The reconstruction MSE on the test set was approximately 0.052, corresponding to an average per-pixel error of about 0.23 (on $[0,1]$ scale). For reference, a trivial reconstruction (all zeros) would have MSE approximately 0.13 on MNIST, so the decoder is capturing substantial structure.
Rotation Robustness
This is the central experiment. Neither model saw any rotated images during training. We evaluate on the full test set rotated by $15^\circ$, $30^\circ$, and $45^\circ$.
| Rotation | CapsNet | Simple CNN | CapsNet Advantage |
|---|---|---|---|
| $0^\circ$ (baseline) | 98.34% | 96.31% | +2.03% |
| $15^\circ$ | 96.21% | 90.81% | +5.40% |
| $30^\circ$ | 83.64% | 69.09% | +14.55% |
| $45^\circ$ | 58.17% | 37.04% | +21.13% |
Analysis
The key finding: the CapsNet advantage grows monotonically with rotation angle. At $0^\circ$, CapsNet already leads by +2.03%. At $45^\circ$, CapsNet outperforms the CNN by 21.13 percentage points.
Degradation Rates:
- CapsNet: 98.34% to 58.17% = 40.17 points lost over $45^\circ$.
- Simple CNN: 96.31% to 37.04% = 59.27 points lost over $45^\circ$.
The CNN loses 47% more accuracy than the CapsNet under the same rotational perturbation.
Why CapsNets Are More Robust: The capsule representation encodes pose in the vector orientation. When an input digit rotates:
- The primary capsule vectors change orientation (representing the new pose).
- The routing algorithm still finds agreement -- rotated parts still agree on a rotated whole.
- The digit capsule vector rotates correspondingly, but its length (classification confidence) remains relatively stable.
In contrast, the CNN's max-pooled features are designed to be invariant to small translations, but rotations shift features across spatial locations in ways that pooling cannot absorb.
The Cost of Capsules
| Metric | CapsNet | Simple CNN |
|---|---|---|
| Parameters | 8,141,840 | 421,642 |
| Parameter ratio | $19.3\times$ | $1\times$ |
| Training time (per epoch) | ~30s | ~0.7s |
| Time ratio | ~$43\times$ | $1\times$ |
CapsNets are nearly $20\times$ larger and $43\times$ slower than the simple CNN. The iterative routing algorithm is the primary bottleneck -- each forward pass requires three iterations of the full routing computation.
Discussion and Broader Perspective
What Capsule Networks Get Right
- Equivariant representations: Capsule vectors encode pose information that scalar activations cannot represent.
- Part-whole reasoning: Dynamic routing implements a soft attention mechanism where parts vote on wholes -- a form of compositional understanding.
- Reconstruction as regularization: Forcing the capsule to reconstruct the input ensures the representation is information-rich, not just discriminative.
What Capsule Networks Get Wrong (or at Least Hard)
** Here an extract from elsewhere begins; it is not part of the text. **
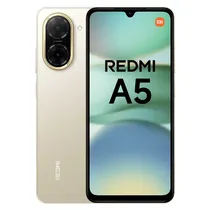 Cel Xiaomi Redmi A5 4+128GB Gold Global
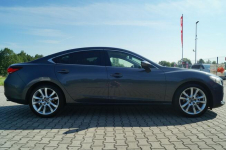 Mazda 6 14/2015r Skyactiv SALON PL Skóra Navi bose stan bdb Goczałkowice-Zdrój - zdjęcie 6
- Scalability: The routing algorithm scales quadratically with the number of capsules. CapsNets have not been successfully scaled to ImageNet-scale tasks.
- Computational cost: The iterative routing makes both forward and backward passes expensive.
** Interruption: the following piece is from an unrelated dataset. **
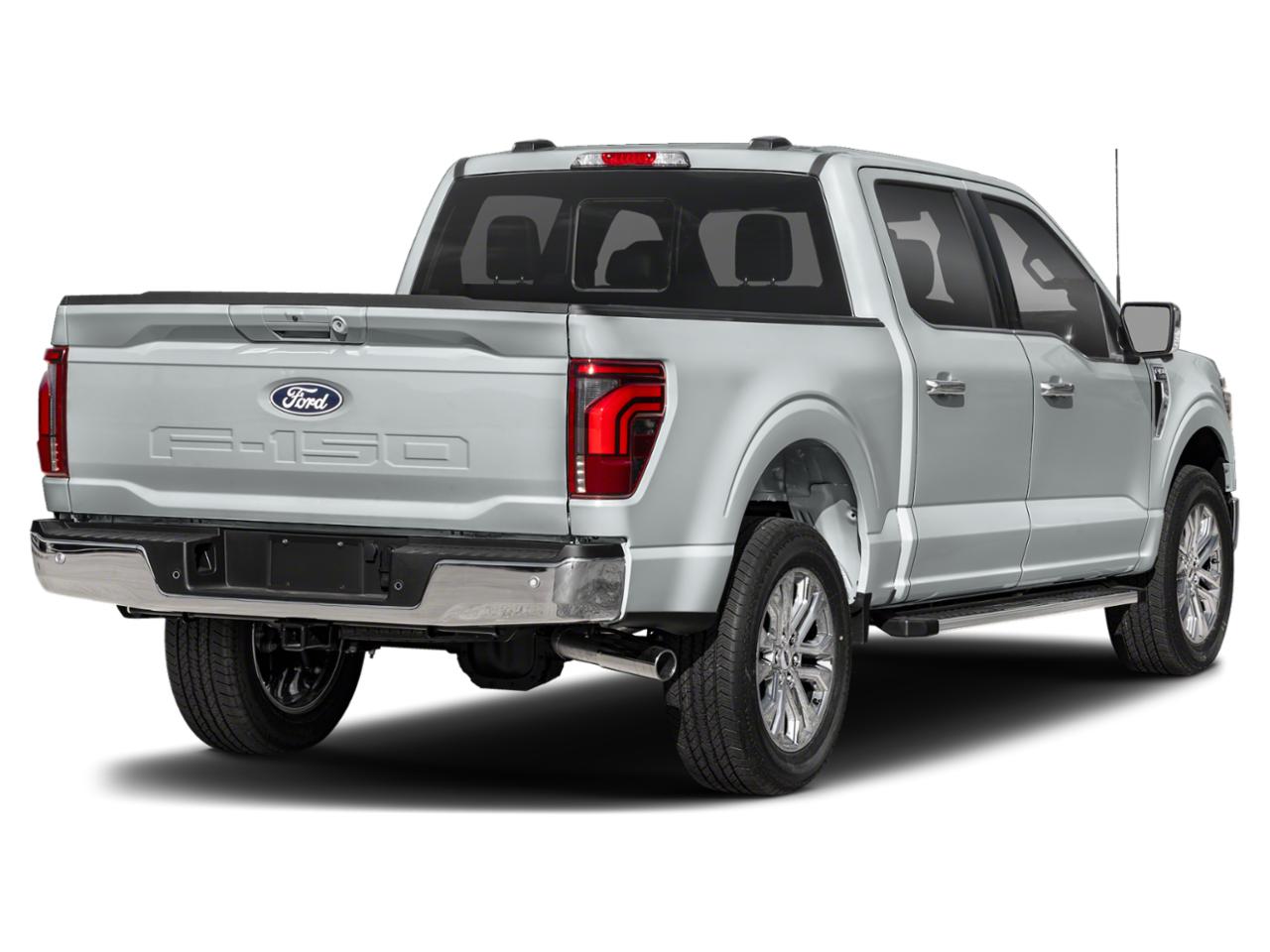 2026 Ford F-150 Lariat 4x4 SuperCrew 5-1/2 Box's photo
- Training stability: The routing algorithm can be sensitive to initialization and hyperparameters.
- Marginal gains on standard benchmarks: On unrotated data, the advantage over well-tuned CNNs is small.
Conclusion
This three-part series deconstructed Capsule Networks from first principles:
- Part 1: The math -- why pooling loses spatial information, how capsule vectors encode equivariant pose, and how routing by agreement enables compositional reasoning.
- Part 2: The implementation -- squashing, primary capsules, digit capsules with dynamic routing, margin loss, and reconstruction decoder, all in pure PyTorch.
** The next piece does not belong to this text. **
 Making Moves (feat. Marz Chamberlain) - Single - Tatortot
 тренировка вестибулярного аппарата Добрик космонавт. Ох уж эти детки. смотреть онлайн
- Part 3: The results -- 98.34% test accuracy on MNIST, recognizable reconstructions from 16D vectors, and a growing robustness advantage over CNNs that reaches +21.13 percentage points at $45^\circ$ rotation.
Capsule Networks are not the dominant paradigm in deep learning today. But the core insight -- that neural representations should encode how something appears, not just that it appears -- remains one of the most important ideas in the field.